++++ Task data ++++

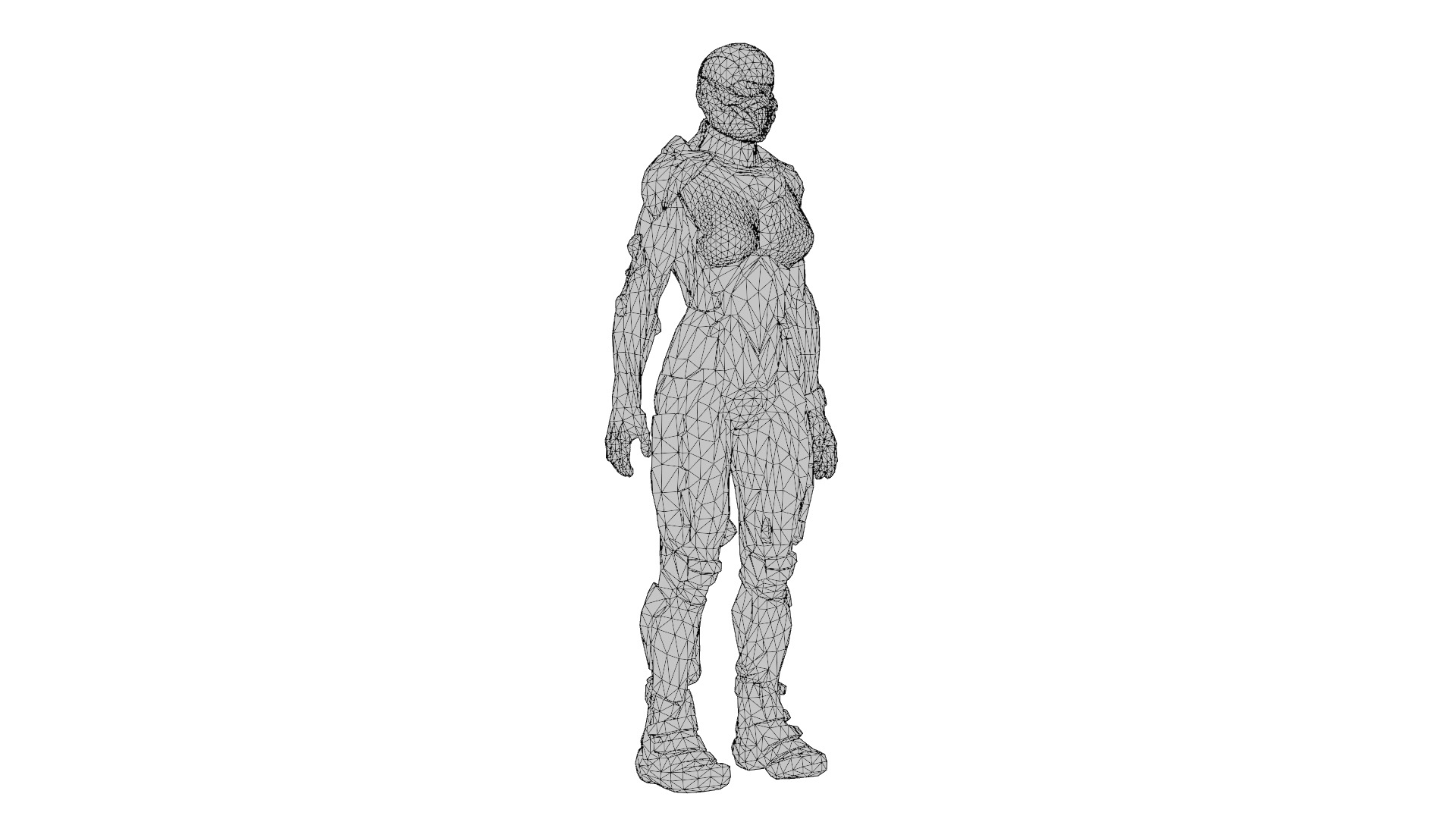 Crysis Nanosuit Female Version3D Model High-Quality Rigged Low-poly 3D model_16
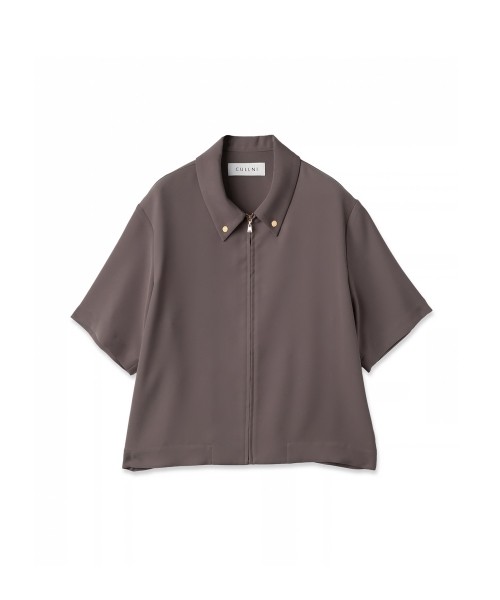 Dry Double Cloth Zip Up Short Sleeve Button-Down Compact Shirt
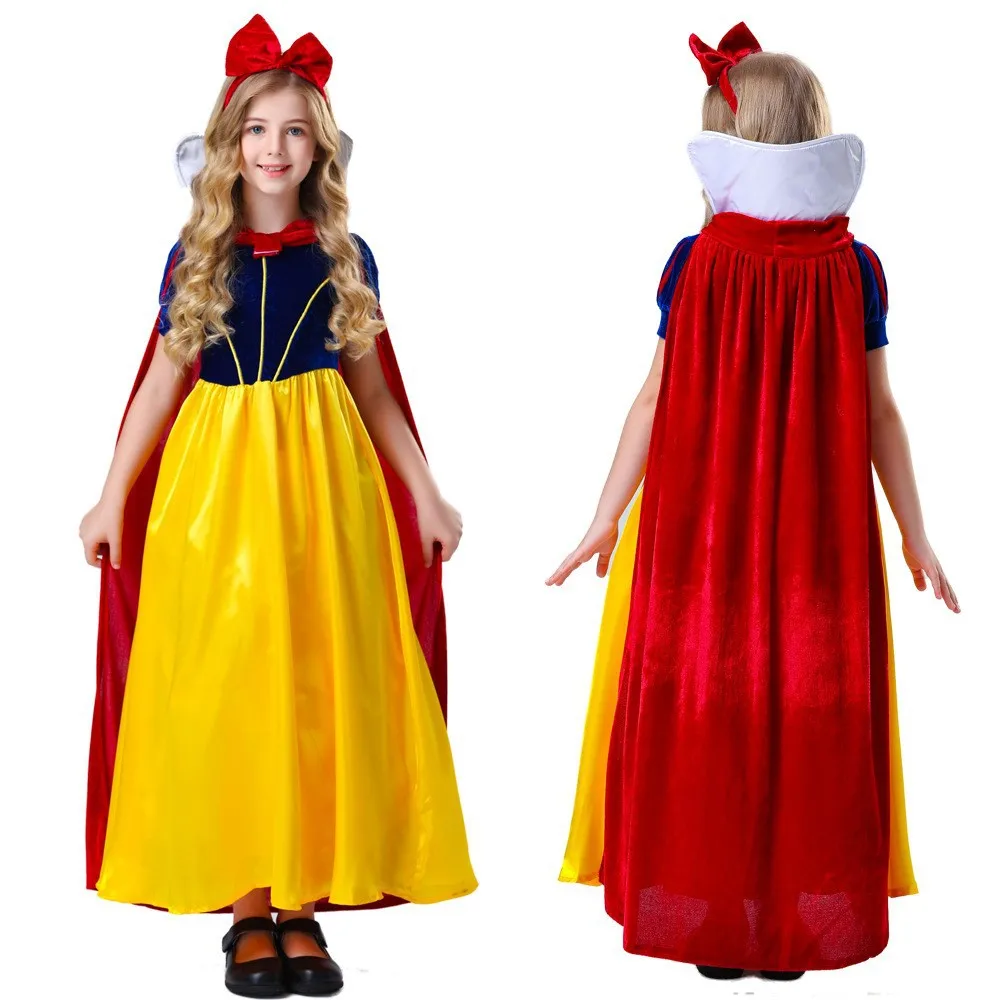 

Girls Halloween Fairy Tale Snow White Princess Dresses with Cape Stage Cartoon Carnival Birthday Party Outfit Cosplay Costumes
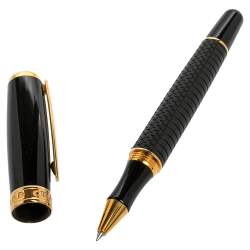 Pre Owned Chopard Racing Black Rubber Yellow Gold Plated Rollerball Pen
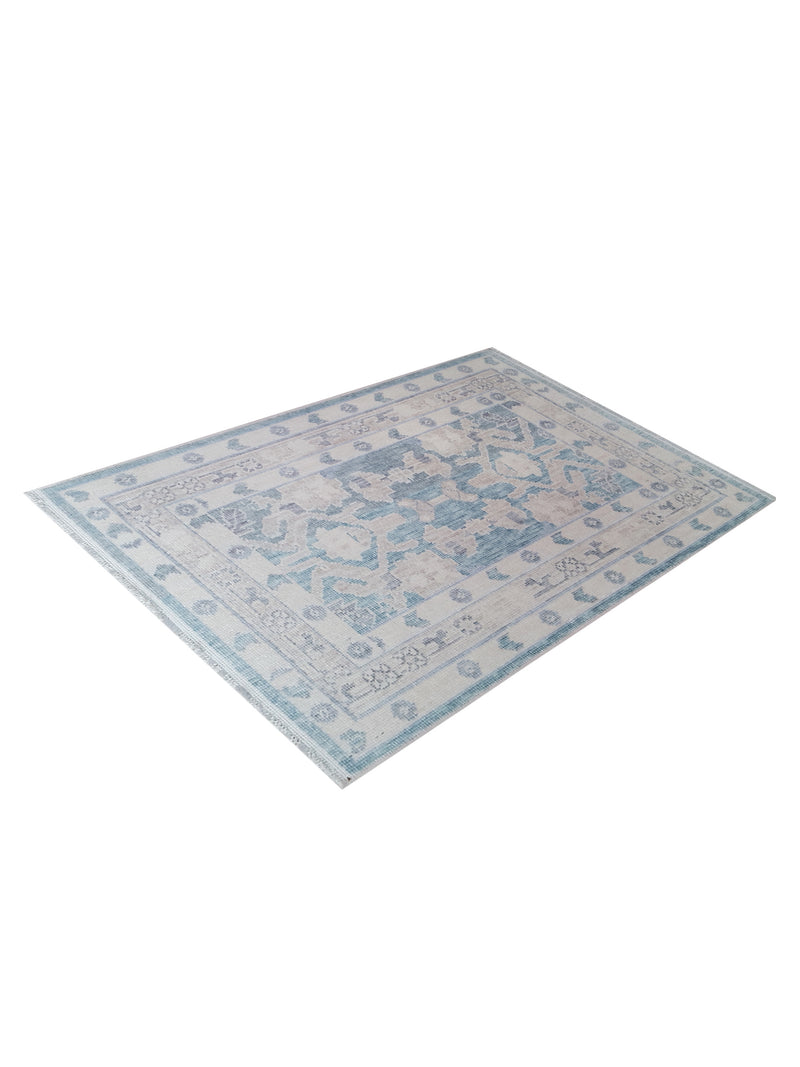 Pacific California CA-47 Teal Ivory Transitional Hand Finished Rugs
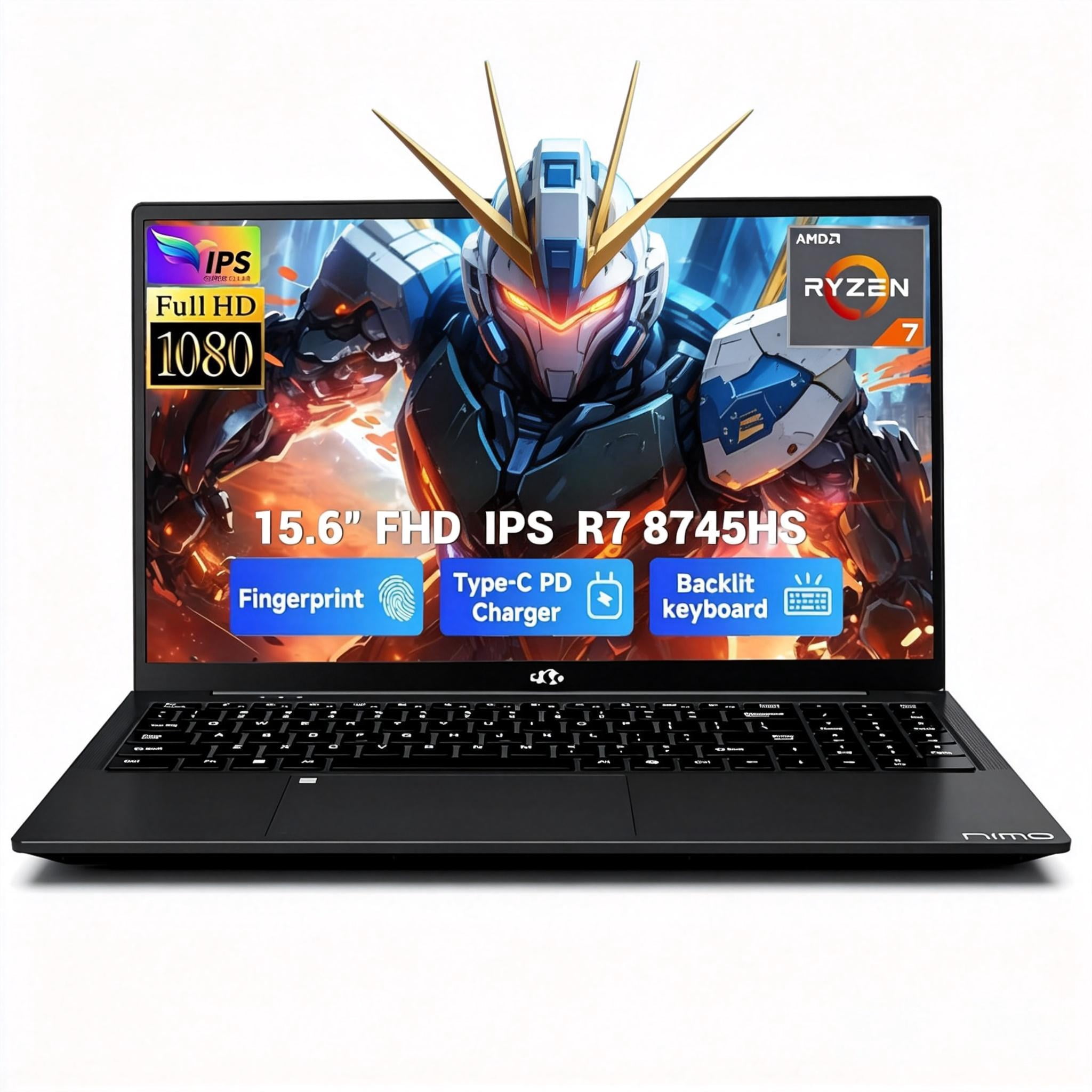 15.6" IPS FHD Laptop 32GB DDR5 RAM 2TB SSD AMD Ryzen 7 8745HS (8 Cores Up to 4.9GHz) Radeon 780M Graphics with 100W USB-C 4.0 Backlit Keyboard Fingerprint Black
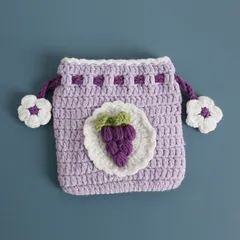 ハンドメイド かぎ針編み 引き紐ポーチ 収納ポーチ ケース レディース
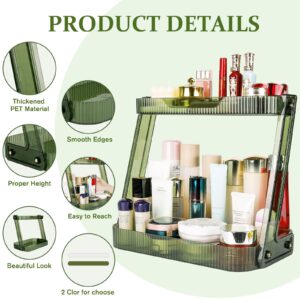 Happnear Bathroom Counter Organizer, 2 Tier Perfume Tray and Vanity Organizer for Bathroom Counter, Cosmetics Skincare Organizer Shelf, Standing Countertop Organizer for Bathroom, Kitchen, (Green)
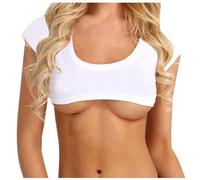 Crop Tops Damen Kurzarm Sporttop Eng Kurz Tanktop Stretch Freizeitbluse Einfarbig Tunika Casual Unterhemd Lässige Weste Silm Fit Oberteil Bequeme Sommertop Hemdbluse Top Damen Sommer Sexy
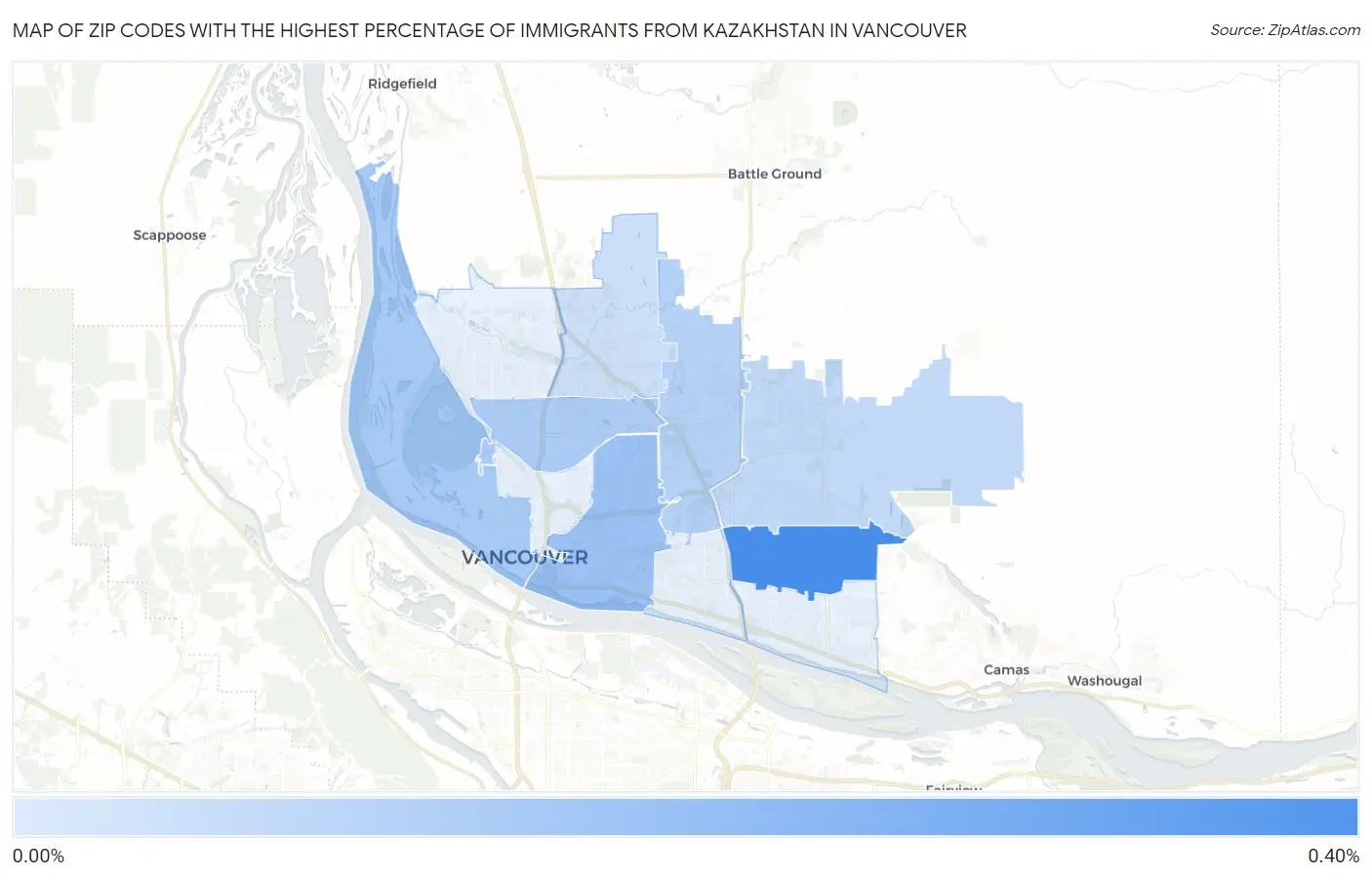 Zip Codes with the Highest Percentage of Immigrants from Kazakhstan in Vancouver Map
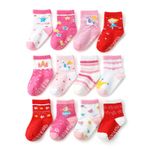 12 Pairs Anti-slip Toddler Socks Baby Infants Socks Assorted Kids Socks Girls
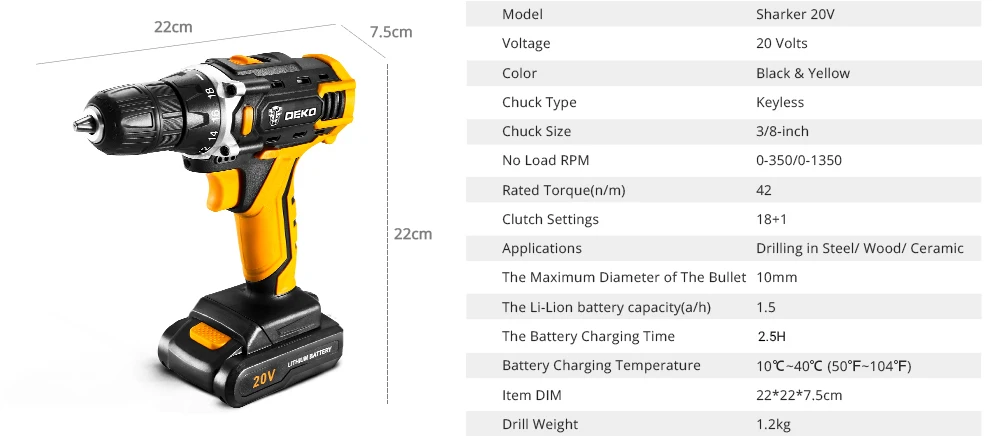 small electric jack hammer DEKO 12V 16V 20V Cordless Drill Electric Screwdriver Mini Wireless Power Driver Lithium-Ion Battery Home DIY 18+1TorqueSettings homelite electric chainsaw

++++

**Activity**.
Do not include images; quote all of the entries above exactly.

**Output**.
 Crysis Nanosuit Female Version3D Model High-Quality Rigged Low-poly 3D model_16
 Dry Double Cloth Zip Up Short Sleeve Button-Down Compact Shirt

Girls Halloween Fairy Tale Snow White Princess Dresses with Cape Stage Cartoon Carnival Birthday Party Outfit Cosplay Costumes
 Pre Owned Chopard Racing Black Rubber Yellow Gold Plated Rollerball Pen
 Pacific California CA-47 Teal Ivory Transitional Hand Finished Rugs
 15.6" IPS FHD Laptop 32GB DDR5 RAM 2TB SSD AMD Ryzen 7 8745HS (8 Cores Up to 4.9GHz) Radeon 780M Graphics with 100W USB-C 4.0 Backlit Keyboard Fingerprint Black
 ハンドメイド かぎ針編み 引き紐ポーチ 収納ポーチ ケース レディース
 Happnear Bathroom Counter Organizer, 2 Tier Perfume Tray and Vanity Organizer for Bathroom Counter, Cosmetics Skincare Organizer Shelf, Standing Countertop Organizer for Bathroom, Kitchen, (Green)
 Crop Tops Damen Kurzarm Sporttop Eng Kurz Tanktop Stretch Freizeitbluse Einfarbig Tunika Casual Unterhemd Lässige Weste Silm Fit Oberteil Bequeme Sommertop Hemdbluse Top Damen Sommer Sexy
 Zip Codes with the Highest Percentage of Immigrants from Kazakhstan in Vancouver Map
 12 Pairs Anti-slip Toddler Socks Baby Infants Socks Assorted Kids Socks Girls
 small electric jack hammer DEKO 12V 16V 20V Cordless Drill Electric Screwdriver Mini Wireless Power Driver Lithium-Ion Battery Home DIY 18+1TorqueSettings homelite electric chainsaw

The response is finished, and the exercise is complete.